A sala da delegacia tornar-se no microcosmo do sistema de dominação e submissão que estrutura a sociedade estadunidense: o racismo. Um lugar  claustrofóbico, agoniante e de constante tensão para Kendra, que tem que lidar com os diversos tentáculos desse sistema: o desespero de ser mãe de um menino/jovem negro na América;  o racismo cotidiano presente  na família  interracial; o racismo institucional expressado tanto na burocracia e descaso de um policial branco que oculta  informações, mas que devido ao pacto narcísico da branquitude e a irmandade entre distintivos, é solicito e dispõe informações a Connor,  quanto na delicada situação de lidar com um policial negro que a questiona se ela educou o filho negro para sobreviver na América; o legado  de ser a única naquela sala  que reafirma e respira a mensagem que “a história e as vidas negras importam” enquanto menciona nomes, acontecimentos históricos e questiona a supremacia branca. Para o expectador, o filme prende à atenção ao mesmo tempo que provoca a sensação da necessidade de respirar. 

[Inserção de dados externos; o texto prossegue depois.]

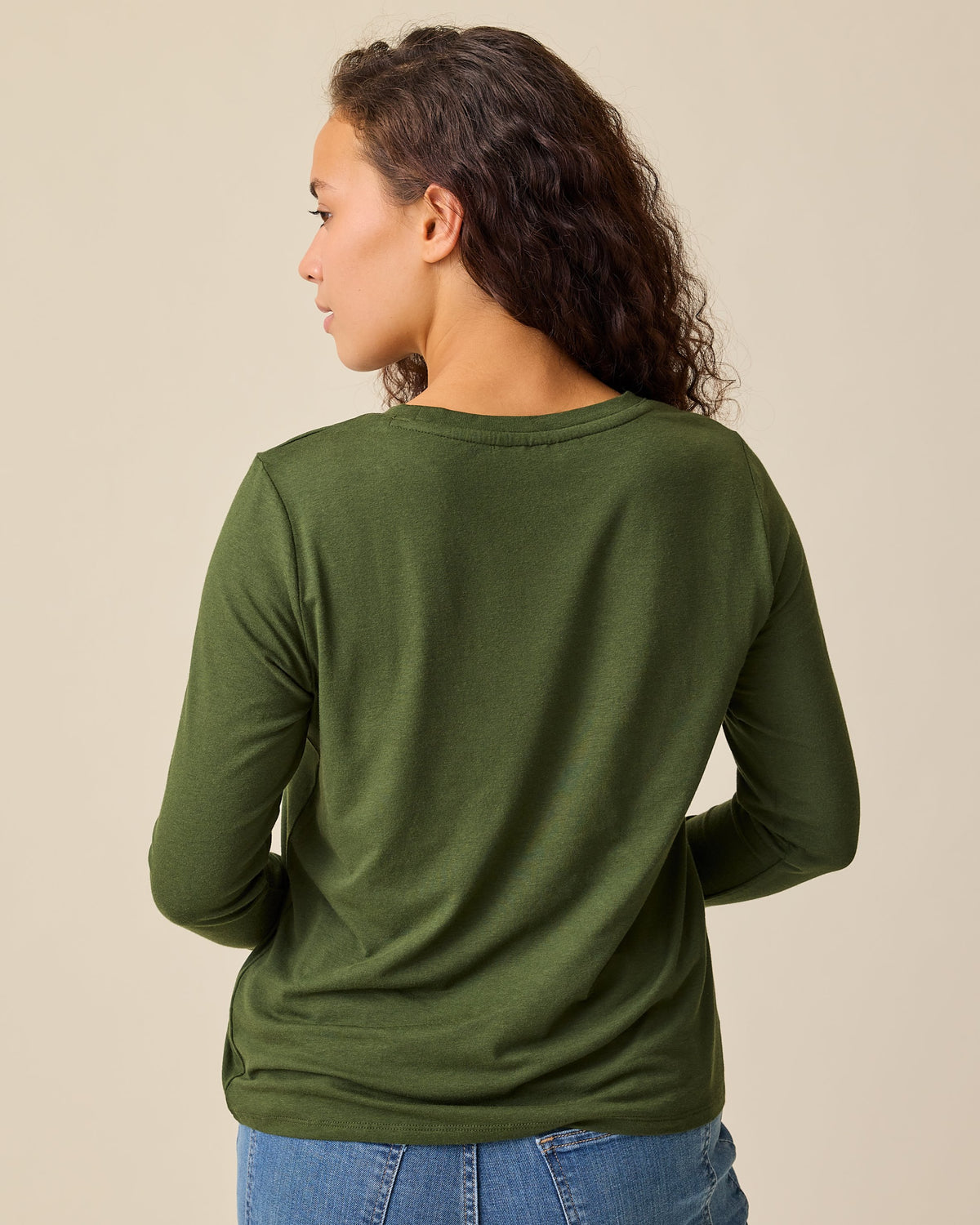 Back view of model wearing Modal Long Sleeve Nursing T-shirt in Deep Olive and Wide Leg Maternity & Postpartum Jean in Medium Wash on a beige background.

 Literalmente, não é tarefa fácil analisar a complexidade dos debates suscitados na película e não é a finalidade do texto promover. São sobre as histórias evocadas pela personagem de Kendra que desejo escrever. Em certo momento do enredo, Kendra explica para  Connor que  Jamal está passando pelo processo de despertar da consciência da sua cor e que, apesar  da experiência de ter vivido num ambiente de privilégio e cercado por maioria de pessoas brancas, ele não esteve imune ao racismo, tornando-se o  único representante da raça negra entre seus amigos. Ao afirmar que: “toda vez que acontece, ele sente o cerco se fechar para ele (…) quando esses homens são mortos, ele sente os fantasmas deles”, ela cita os nomes de: Philando Castile; Eric Garner; Tamir Rice. Em outro momento cita o nome de Arthur McDuffie. Para os expectadores norte-americanos, talvez, nomes e casos seja de conhecimento público. Todavia, para os expectadores brasileiros, provavelmente, não. Então, falarei brevemente sobre estas histórias. 

Arthur McDuffie: Homem afro-americano de 33 anos, trabalhava como agente de segurança. Em dezembro de 1979 foi espancado por policiais de Miami, Ira Diggs, William Hanlon, Michael Watts, e Alex Marrero, o que causou a sua morte. Na versão dos policiais, a perseguição a McDuffie foi devido uma ultrapassagem do sinal vermelho com sua motocicleta e durante a perseguição McDuffie sofreu um acidente. Na tentativa de fuga, os policiais entraram em luta corporal com ele. O relatório do legista concluiu que ele havia sofrido múltiplas fraturas de crânio e portanto, foi espancado. No julgamento, os policiais foram absorvidos das acusações de homicídio, bem como de adulteração ou fabricação de evidências. A absolvição provocou as manifestações em maio de 1980 no centro de Miami, em que mais de 5 mil pessoas foram as ruas. Os protestos continuaram por dias consecutivos e se espalharam por diversas cidades.  No final, havia 18 mortes, 350 pessoas feridas, mais de 600 detidas e os incêndios, roubos e saques causaram um “prejuízo” de mais de 100 milhões de dólares. Em 17 de Novembro de 1981, o Condado de Miami pagou a família de McDuffie um acordo de US $ 1,1 milhões.  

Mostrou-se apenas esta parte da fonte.